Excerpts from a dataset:
= = = = = = =
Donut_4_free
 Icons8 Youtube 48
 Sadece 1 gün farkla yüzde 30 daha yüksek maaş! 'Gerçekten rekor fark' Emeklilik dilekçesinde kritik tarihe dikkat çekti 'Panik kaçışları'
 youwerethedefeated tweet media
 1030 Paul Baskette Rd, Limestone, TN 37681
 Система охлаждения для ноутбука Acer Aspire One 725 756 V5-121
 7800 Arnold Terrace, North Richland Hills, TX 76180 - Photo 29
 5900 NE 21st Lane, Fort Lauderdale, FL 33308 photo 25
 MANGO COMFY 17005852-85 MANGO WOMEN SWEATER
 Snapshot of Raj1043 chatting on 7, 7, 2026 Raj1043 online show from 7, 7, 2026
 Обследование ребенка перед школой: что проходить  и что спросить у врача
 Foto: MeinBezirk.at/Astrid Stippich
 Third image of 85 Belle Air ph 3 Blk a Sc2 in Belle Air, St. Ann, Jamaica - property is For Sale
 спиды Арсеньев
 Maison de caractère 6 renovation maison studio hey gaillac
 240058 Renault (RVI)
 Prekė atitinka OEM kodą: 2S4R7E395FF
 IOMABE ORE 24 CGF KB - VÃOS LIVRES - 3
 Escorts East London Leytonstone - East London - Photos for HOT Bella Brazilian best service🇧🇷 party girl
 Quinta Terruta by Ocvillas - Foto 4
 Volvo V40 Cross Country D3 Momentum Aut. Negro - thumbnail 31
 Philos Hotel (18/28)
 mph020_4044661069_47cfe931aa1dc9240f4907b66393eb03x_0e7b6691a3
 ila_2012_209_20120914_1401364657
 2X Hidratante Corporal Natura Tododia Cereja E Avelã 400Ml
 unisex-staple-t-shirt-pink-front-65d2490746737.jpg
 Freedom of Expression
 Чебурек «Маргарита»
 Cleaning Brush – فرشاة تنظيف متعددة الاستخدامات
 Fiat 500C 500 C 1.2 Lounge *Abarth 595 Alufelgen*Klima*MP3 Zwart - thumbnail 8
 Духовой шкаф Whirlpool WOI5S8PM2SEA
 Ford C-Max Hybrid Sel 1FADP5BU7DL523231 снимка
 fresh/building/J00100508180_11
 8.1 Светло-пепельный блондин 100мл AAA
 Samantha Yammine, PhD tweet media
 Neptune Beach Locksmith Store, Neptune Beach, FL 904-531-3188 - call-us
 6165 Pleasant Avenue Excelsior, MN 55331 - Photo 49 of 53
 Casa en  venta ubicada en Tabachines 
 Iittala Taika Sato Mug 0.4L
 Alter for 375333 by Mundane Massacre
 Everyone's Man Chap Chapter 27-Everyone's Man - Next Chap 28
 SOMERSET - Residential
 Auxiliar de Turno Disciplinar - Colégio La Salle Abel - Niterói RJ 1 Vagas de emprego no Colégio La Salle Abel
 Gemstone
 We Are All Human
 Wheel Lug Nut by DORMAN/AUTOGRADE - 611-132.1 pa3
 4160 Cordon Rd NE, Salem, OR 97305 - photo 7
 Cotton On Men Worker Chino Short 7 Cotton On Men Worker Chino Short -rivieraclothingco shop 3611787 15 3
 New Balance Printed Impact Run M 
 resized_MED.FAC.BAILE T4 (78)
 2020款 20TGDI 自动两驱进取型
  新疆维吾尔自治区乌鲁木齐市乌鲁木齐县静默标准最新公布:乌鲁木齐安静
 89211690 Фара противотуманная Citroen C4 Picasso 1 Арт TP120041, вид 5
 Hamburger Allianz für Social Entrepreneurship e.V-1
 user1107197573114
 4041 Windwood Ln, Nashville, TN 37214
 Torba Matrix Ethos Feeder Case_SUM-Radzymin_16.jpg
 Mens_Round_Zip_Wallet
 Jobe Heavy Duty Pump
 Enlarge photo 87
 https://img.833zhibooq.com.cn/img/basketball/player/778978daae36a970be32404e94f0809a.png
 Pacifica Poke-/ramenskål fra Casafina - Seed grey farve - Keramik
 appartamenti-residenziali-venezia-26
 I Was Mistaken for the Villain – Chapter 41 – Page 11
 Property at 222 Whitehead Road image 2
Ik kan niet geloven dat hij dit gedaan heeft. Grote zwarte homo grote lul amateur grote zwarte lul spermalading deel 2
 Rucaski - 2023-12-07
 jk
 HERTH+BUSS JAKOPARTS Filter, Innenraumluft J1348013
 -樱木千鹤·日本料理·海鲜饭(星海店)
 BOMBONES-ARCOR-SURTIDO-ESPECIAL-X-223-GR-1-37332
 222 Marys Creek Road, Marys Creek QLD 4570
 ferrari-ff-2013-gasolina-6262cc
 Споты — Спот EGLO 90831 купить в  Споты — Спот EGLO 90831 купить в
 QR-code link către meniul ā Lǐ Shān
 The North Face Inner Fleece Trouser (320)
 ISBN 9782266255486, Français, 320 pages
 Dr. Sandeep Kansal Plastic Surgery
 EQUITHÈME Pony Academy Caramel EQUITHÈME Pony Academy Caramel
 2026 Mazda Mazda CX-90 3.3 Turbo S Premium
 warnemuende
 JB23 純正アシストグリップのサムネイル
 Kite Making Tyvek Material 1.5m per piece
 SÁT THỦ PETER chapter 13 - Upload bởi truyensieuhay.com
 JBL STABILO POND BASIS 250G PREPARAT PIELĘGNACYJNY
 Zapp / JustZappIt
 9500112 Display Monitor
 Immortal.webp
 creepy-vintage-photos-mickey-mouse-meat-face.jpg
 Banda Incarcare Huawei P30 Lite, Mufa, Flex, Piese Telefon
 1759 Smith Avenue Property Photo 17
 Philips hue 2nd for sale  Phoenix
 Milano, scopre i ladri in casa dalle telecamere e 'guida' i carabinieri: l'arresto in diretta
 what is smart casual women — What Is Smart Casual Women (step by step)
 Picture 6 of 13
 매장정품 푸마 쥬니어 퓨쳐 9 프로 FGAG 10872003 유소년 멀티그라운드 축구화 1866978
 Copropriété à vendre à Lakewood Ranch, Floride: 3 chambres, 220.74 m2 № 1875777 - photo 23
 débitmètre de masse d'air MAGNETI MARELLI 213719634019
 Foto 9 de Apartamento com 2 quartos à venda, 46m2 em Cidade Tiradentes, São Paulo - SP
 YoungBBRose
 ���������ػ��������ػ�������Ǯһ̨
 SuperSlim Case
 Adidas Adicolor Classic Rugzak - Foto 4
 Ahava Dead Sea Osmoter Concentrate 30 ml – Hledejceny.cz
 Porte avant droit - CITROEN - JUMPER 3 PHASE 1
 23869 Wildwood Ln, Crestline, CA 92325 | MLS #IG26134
= = = = = = =
Print all of the data exactly as it was given.

Donut_4_free
 Icons8 Youtube 48
 Sadece 1 gün farkla yüzde 30 daha yüksek maaş! 'Gerçekten rekor fark' Emeklilik dilekçesinde kritik tarihe dikkat çekti 'Panik kaçışları'
 youwerethedefeated tweet media
 1030 Paul Baskette Rd, Limestone, TN 37681
 Система охлаждения для ноутбука Acer Aspire One 725 756 V5-121
 7800 Arnold Terrace, North Richland Hills, TX 76180 - Photo 29
 5900 NE 21st Lane, Fort Lauderdale, FL 33308 photo 25
 MANGO COMFY 17005852-85 MANGO WOMEN SWEATER
 Snapshot of Raj1043 chatting on 7, 7, 2026 Raj1043 online show from 7, 7, 2026
 Обследование ребенка перед школой: что проходить  и что спросить у врача
 Foto: MeinBezirk.at/Astrid Stippich
 Third image of 85 Belle Air ph 3 Blk a Sc2 in Belle Air, St. Ann, Jamaica - property is For Sale
 спиды Арсеньев
 Maison de caractère 6 renovation maison studio hey gaillac
 240058 Renault (RVI)
 Prekė atitinka OEM kodą: 2S4R7E395FF
 IOMABE ORE 24 CGF KB - VÃOS LIVRES - 3
 Escorts East London Leytonstone - East London - Photos for HOT Bella Brazilian best service🇧🇷 party girl
 Quinta Terruta by Ocvillas - Foto 4
 Volvo V40 Cross Country D3 Momentum Aut. Negro - thumbnail 31
 Philos Hotel (18/28)
 mph020_4044661069_47cfe931aa1dc9240f4907b66393eb03x_0e7b6691a3
 ila_2012_209_20120914_1401364657
 2X Hidratante Corporal Natura Tododia Cereja E Avelã 400Ml
 unisex-staple-t-shirt-pink-front-65d2490746737.jpg
 Freedom of Expression
 Чебурек «Маргарита»
 Cleaning Brush – فرشاة تنظيف متعددة الاستخدامات
 Fiat 500C 500 C 1.2 Lounge *Abarth 595 Alufelgen*Klima*MP3 Zwart - thumbnail 8
 Духовой шкаф Whirlpool WOI5S8PM2SEA
 Ford C-Max Hybrid Sel 1FADP5BU7DL523231 снимка
 fresh/building/J00100508180_11
 8.1 Светло-пепельный блондин 100мл AAA
 Samantha Yammine, PhD tweet media
 Neptune Beach Locksmith Store, Neptune Beach, FL 904-531-3188 - call-us
 6165 Pleasant Avenue Excelsior, MN 55331 - Photo 49 of 53
 Casa en  venta ubicada en Tabachines 
 Iittala Taika Sato Mug 0.4L
 Alter for 375333 by Mundane Massacre
 Everyone's Man Chap Chapter 27-Everyone's Man - Next Chap 28
 SOMERSET - Residential
 Auxiliar de Turno Disciplinar - Colégio La Salle Abel - Niterói RJ 1 Vagas de emprego no Colégio La Salle Abel
 Gemstone
 We Are All Human
 Wheel Lug Nut by DORMAN/AUTOGRADE - 611-132.1 pa3
 4160 Cordon Rd NE, Salem, OR 97305 - photo 7
 Cotton On Men Worker Chino Short 7 Cotton On Men Worker Chino Short -rivieraclothingco shop 3611787 15 3
 New Balance Printed Impact Run M 
 resized_MED.FAC.BAILE T4 (78)
 2020款 20TGDI 自动两驱进取型
  新疆维吾尔自治区乌鲁木齐市乌鲁木齐县静默标准最新公布:乌鲁木齐安静
 89211690 Фара противотуманная Citroen C4 Picasso 1 Арт TP120041, вид 5
 Hamburger Allianz für Social Entrepreneurship e.V-1
 user1107197573114
 4041 Windwood Ln, Nashville, TN 37214
 Torba Matrix Ethos Feeder Case_SUM-Radzymin_16.jpg
 Mens_Round_Zip_Wallet
 Jobe Heavy Duty Pump
 Enlarge photo 87
 https://img.833zhibooq.com.cn/img/basketball/player/778978daae36a970be32404e94f0809a.png
 Pacifica Poke-/ramenskål fra Casafina - Seed grey farve - Keramik
 appartamenti-residenziali-venezia-26
 I Was Mistaken for the Villain – Chapter 41 – Page 11
 Property at 222 Whitehead Road image 2
Ik kan niet geloven dat hij dit gedaan heeft. Grote zwarte homo grote lul amateur grote zwarte lul spermalading deel 2
 Rucaski - 2023-12-07
 jk
 HERTH+BUSS JAKOPARTS Filter, Innenraumluft J1348013
 -樱木千鹤·日本料理·海鲜饭(星海店)
 BOMBONES-ARCOR-SURTIDO-ESPECIAL-X-223-GR-1-37332
 222 Marys Creek Road, Marys Creek QLD 4570
 ferrari-ff-2013-gasolina-6262cc
 Споты — Спот EGLO 90831 купить в  Споты — Спот EGLO 90831 купить в
 QR-code link către meniul ā Lǐ Shān
 The North Face Inner Fleece Trouser (320)
 ISBN 9782266255486, Français, 320 pages
 Dr. Sandeep Kansal Plastic Surgery
 EQUITHÈME Pony Academy Caramel EQUITHÈME Pony Academy Caramel
 2026 Mazda Mazda CX-90 3.3 Turbo S Premium
 warnemuende
 JB23 純正アシストグリップのサムネイル
 Kite Making Tyvek Material 1.5m per piece
 SÁT THỦ PETER chapter 13 - Upload bởi truyensieuhay.com
 JBL STABILO POND BASIS 250G PREPARAT PIELĘGNACYJNY
 Zapp / JustZappIt
 9500112 Display Monitor
 Immortal.webp
 creepy-vintage-photos-mickey-mouse-meat-face.jpg
 Banda Incarcare Huawei P30 Lite, Mufa, Flex, Piese Telefon
 1759 Smith Avenue Property Photo 17
 Philips hue 2nd for sale  Phoenix
 Milano, scopre i ladri in casa dalle telecamere e 'guida' i carabinieri: l'arresto in diretta
 what is smart casual women — What Is Smart Casual Women (step by step)
 Picture 6 of 13
 매장정품 푸마 쥬니어 퓨쳐 9 프로 FGAG 10872003 유소년 멀티그라운드 축구화 1866978
 Copropriété à vendre à Lakewood Ranch, Floride: 3 chambres, 220.74 m2 № 1875777 - photo 23
 débitmètre de masse d'air MAGNETI MARELLI 213719634019
 Foto 9 de Apartamento com 2 quartos à venda, 46m2 em Cidade Tiradentes, São Paulo - SP
 YoungBBRose
 ���������ػ��������ػ�������Ǯһ̨
 SuperSlim Case
 Adidas Adicolor Classic Rugzak - Foto 4
 Ahava Dead Sea Osmoter Concentrate 30 ml – Hledejceny.cz
 Porte avant droit - CITROEN - JUMPER 3 PHASE 1
 23869 Wildwood Ln, Crestline, CA 92325 | MLS #IG26134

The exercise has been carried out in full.